Dasselbe geschah mit Bescheid vom 7. August 2007 in der Gestalt des
Überprüfungsbescheides vom 10. November 2008 und des Änderungsbescheides vom
10. November 2008 sowie des Widerspruchsbescheides vom 27. Februar 2009 für die
Zeit vom 1. August 2007 bis zum 31. Januar 2008.
Mit einer Heiz- und Warmwasserkostenrechnung vom 26. Oktober 2007 forderte der
Vermieter für den Abrechnungszeitraum vom 1. Mai 2006 bis zum 30. April 2007 von
den Klägern eine Nachzahlung in Höhe von 440,82 EUR. Von den berechneten
Gesamtkosten der Kläger in Höhe von 834,62 EUR, auf die die Kläger bereits 393,80 EUR
vorausgezahlt hatten, entfielen 97,77 EUR (11,71 Prozent) auf die Kosten der
Warmwasserbereitung. Nach dem Mietvertrag vom 20. März 2007 war die
Nachforderung innerhalb eines Monats nach Vorlage der Abrechnung zu entrichten.

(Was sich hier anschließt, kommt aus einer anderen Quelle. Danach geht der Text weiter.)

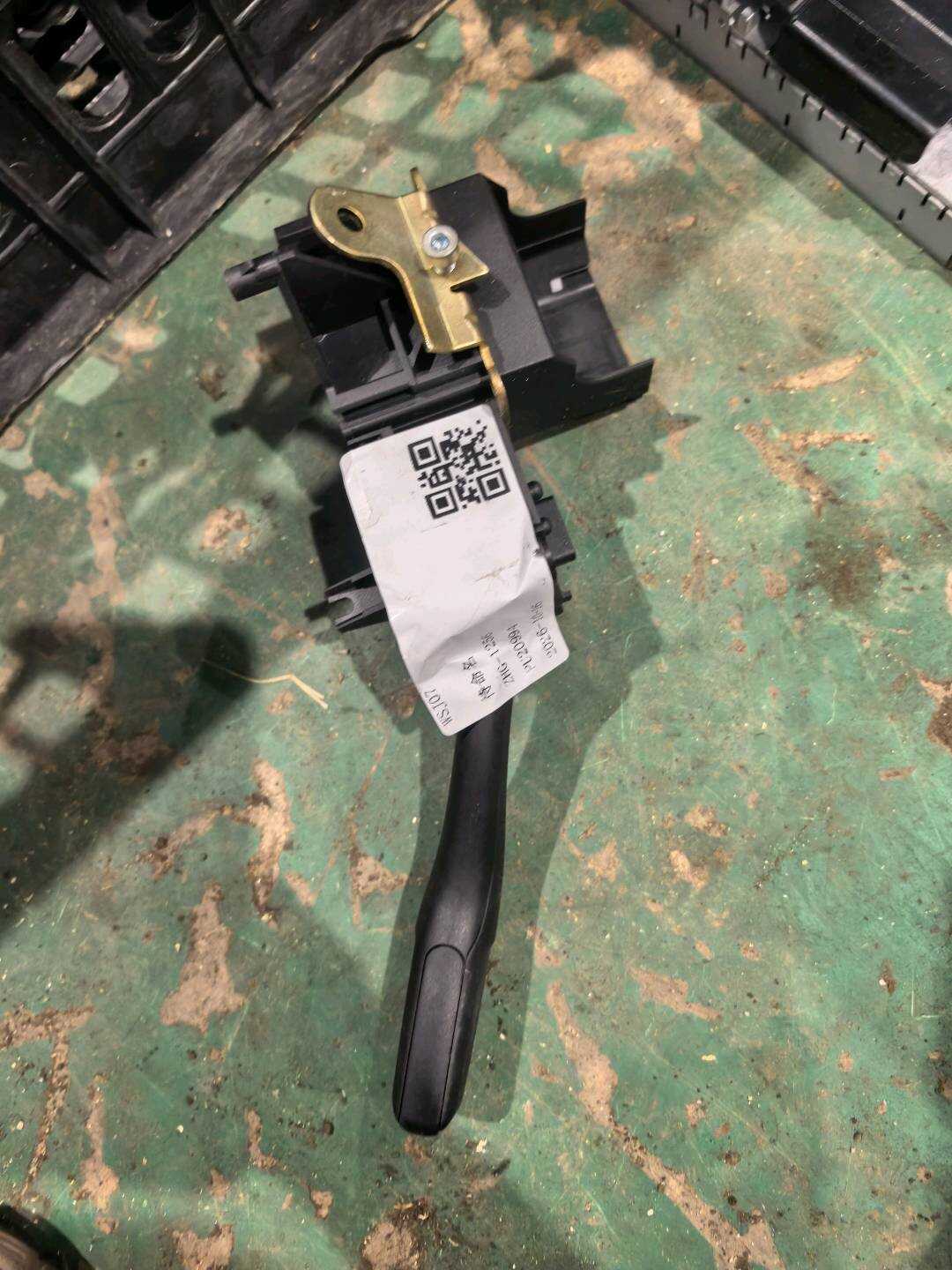 4E0953513E 转向灯开关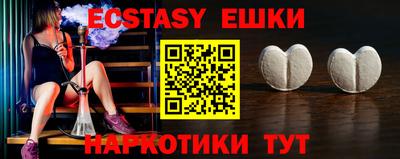круглые Бугуруслан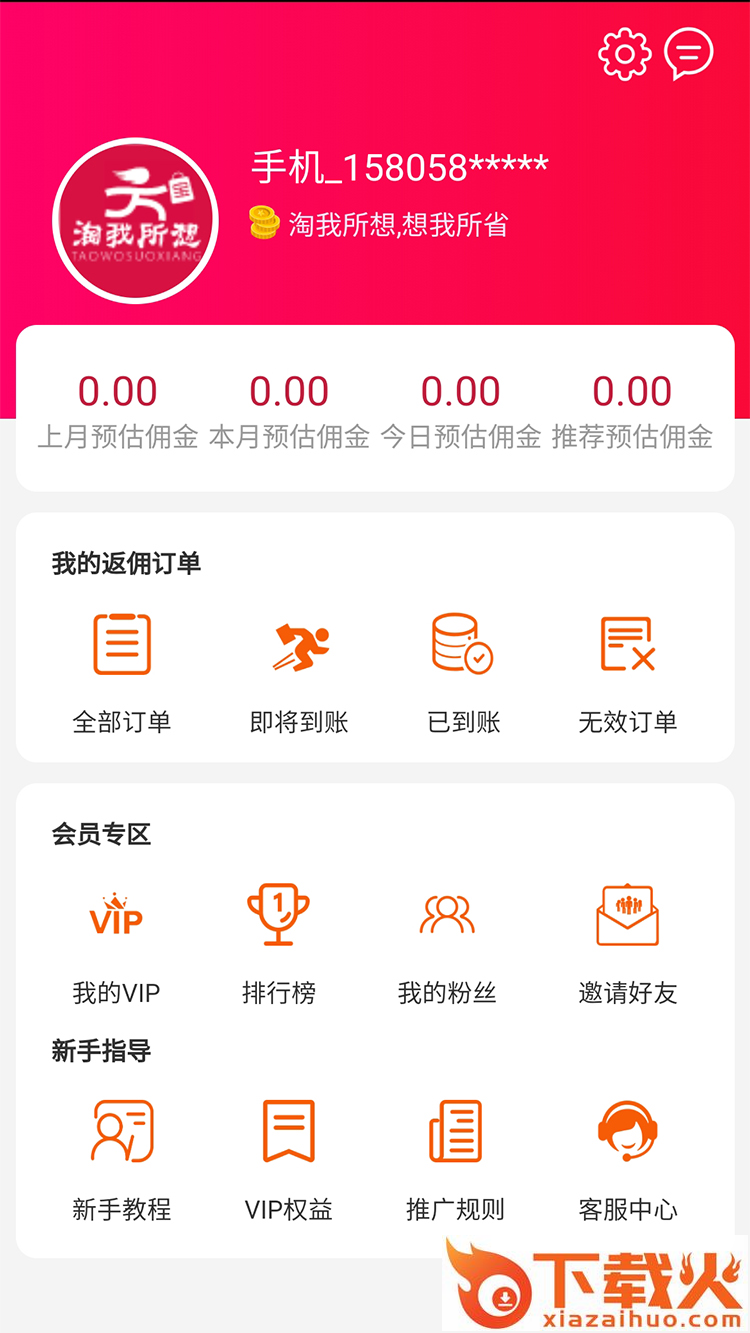 淘我所想截图2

Den Antrag der Kläger auf Übernahme der Nachforderung vom 21. Januar 2008 lehnte
der Beklagte mit Bescheid vom 24. Januar 2008 ab. Den am 22. Februar 2008
eingelegten Widerspruch wies der Beklagte mit Widerspruchsbescheid vom 6. März 2008
zurück. Zur Begründung führte der Beklagte aus, dass die Anerkennung der
Aufwendungen für Unterkunft und Heizung zum Zeitpunkt der Fälligkeit der
Nachforderung bereits auf den angemessenen Betrag von 444,- EUR beschränkt
gewesen seien, so dass keine weiteren Kosten übernommen werden könnten.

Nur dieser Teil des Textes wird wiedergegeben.